Besser schreiben durch Nutzen aller Kanäle

Bertolt Brecht hätte Video und Social Media genutzt – hätte es diese Kanäle zu seiner Zeit nur schon gegeben! Das ist natürlich eine Vermutung. Aber warum nicht? Brecht war ein moderner Künstler, der das Theater revolutionierte und mit Alterhegebrachtem brach. Er interessierte sich für Film und Radio. Und er wollte möglichst viele Menschen mit seiner Botschaft erreichen, die “Massen”, das “Kollektiv”. Beides wäre mit Neuen Medien leichter gewesen.

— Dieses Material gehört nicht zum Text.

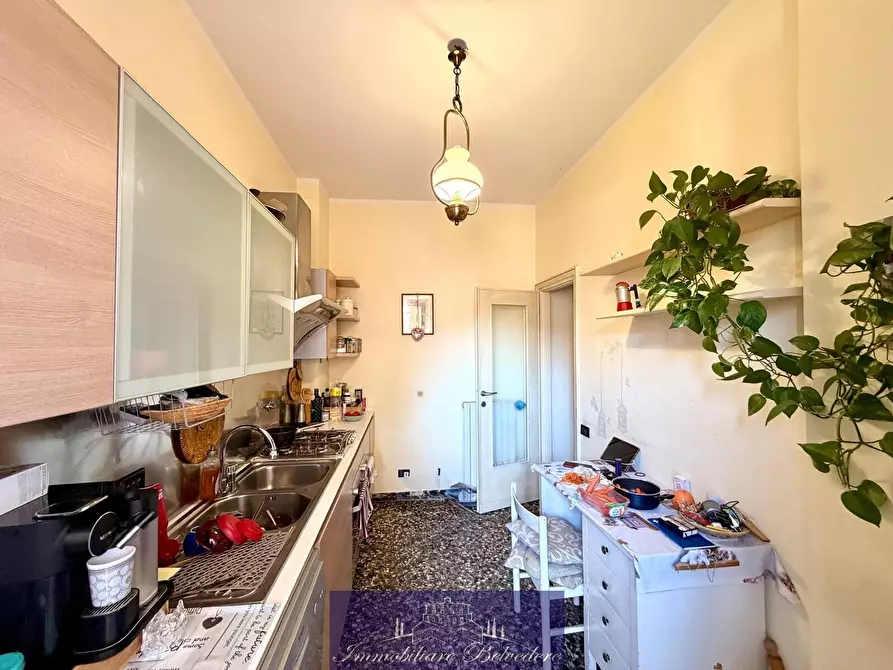 Immagine 7 di Trilocale in vendita  in Via Anton Francesco Doni a Firenze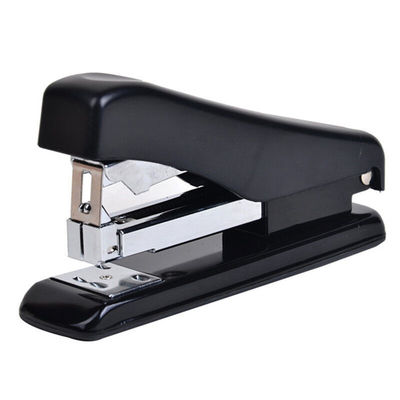 晨光91639订书机省力型办公12号订书器高效标准不卡钉好用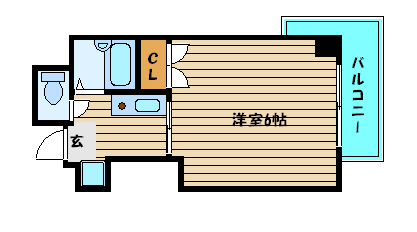 間取写真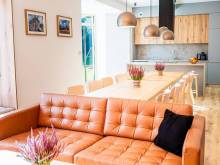 Ubytování Forbach - Olešnice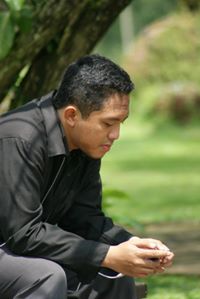 Anas Isnaeni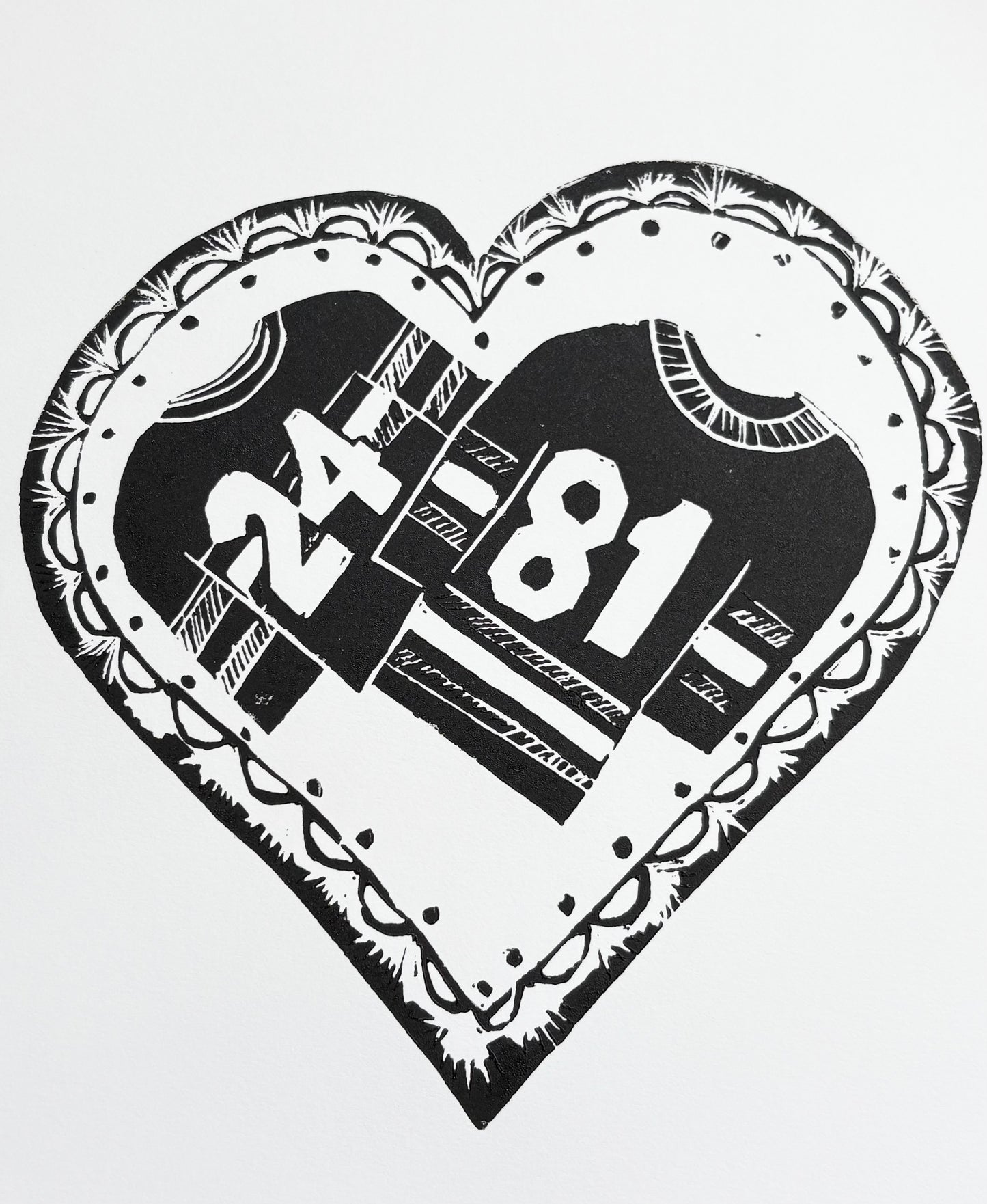 “We didn’t even kiss…”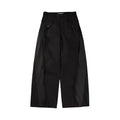 Kinarak Wired Trouser (Black)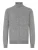 INDICODE JEANS Gebreid vest ‘ IDBercell ‘  grijs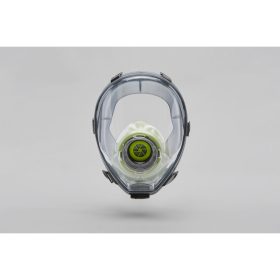 BLS 5150 egy szűrős teljes álarc univerzális RD40 csatlakozóval, CLASS 3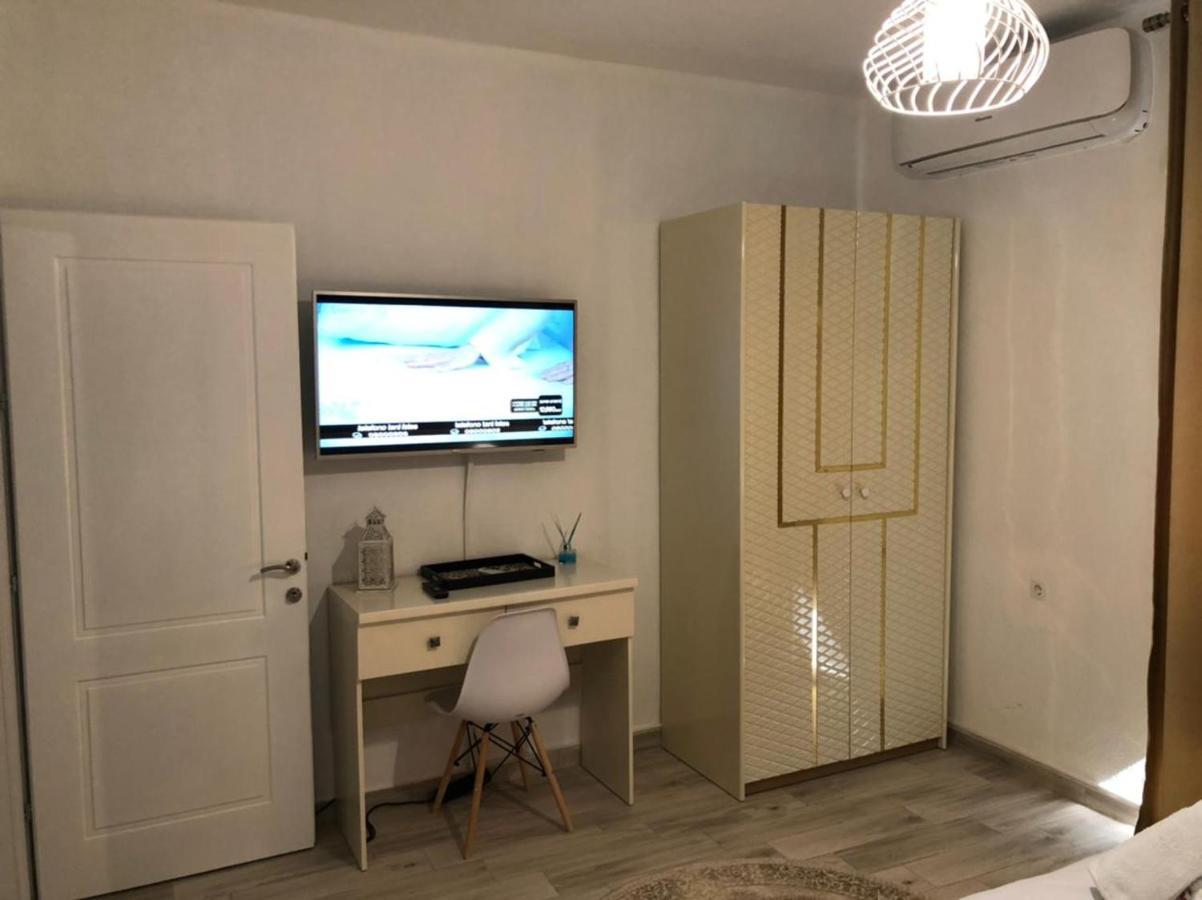 קורצ'ה Home Center מראה חיצוני תמונה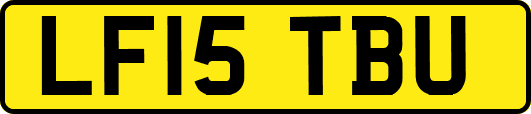 LF15TBU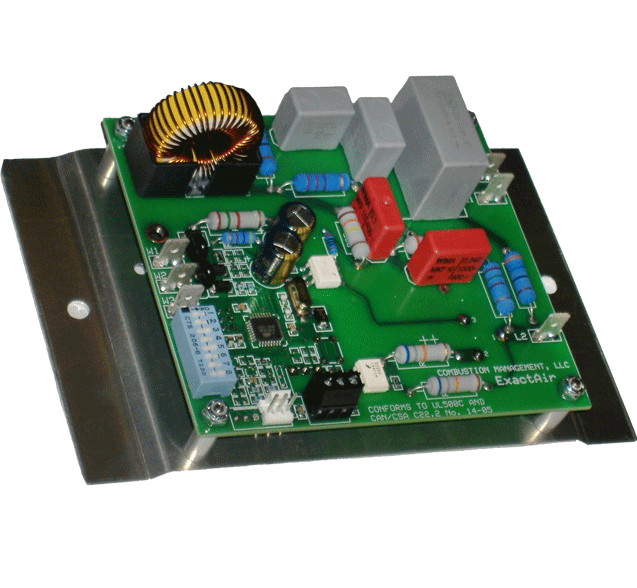 Motor Speed Controller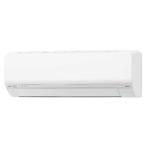 【標準工事費込】ゼネラル エアコン 6畳 お手入れカンタン 省エネ ノクリア Lシリーズ AS-L225S 2025年モデル【DD】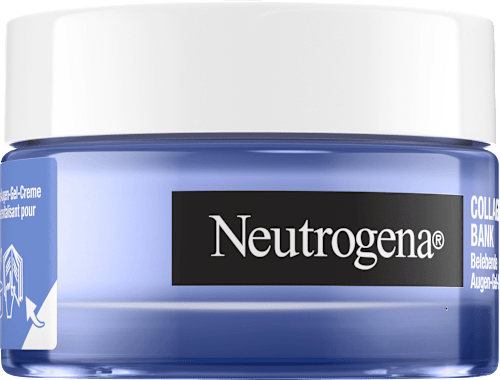 Augencreme Gel Collagen Bank Neutrogena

Was bringt das Textern? Wer heute eine Website erstellt, muss ebenfalls dafür sorgen, dass die Botschaft so weit wie möglich verbreitet wird. Und das heißt natürlich in erster Linie: Dass Google die Seite möglichst auf der ersten Seite der Suchergebnisse zeigt. Wer hier auf weitere Kanäle setzt und etwa Facebook, YouTube und Instragram nutzt, erhöht die Reichweite.

Fazit

Zugegeben: Der Vergleich Brecht – Websitetexte mit einem Schwenk über BILD-Zeitung & Co ist ein wenig an den Haaren herbei gezogen. Aber ein Wechsel in der Perspektive tut der Schreibenden gut. Und dem Lesenden.

Wie könnte ein Blogbeitrag über Brecht besser schließen als mit einem seiner berühmten Zitate, das durch den Literaturkritiker Marcel Reich-Ranicki traditionellerweise als Abschiedsformel der TV-Sendung “Das literarische Quartett” verwendet wurde:

“Wir stehen selbst enttäuscht und sehn betroffen/ Den Vorhang zu und alle Fragen offen.”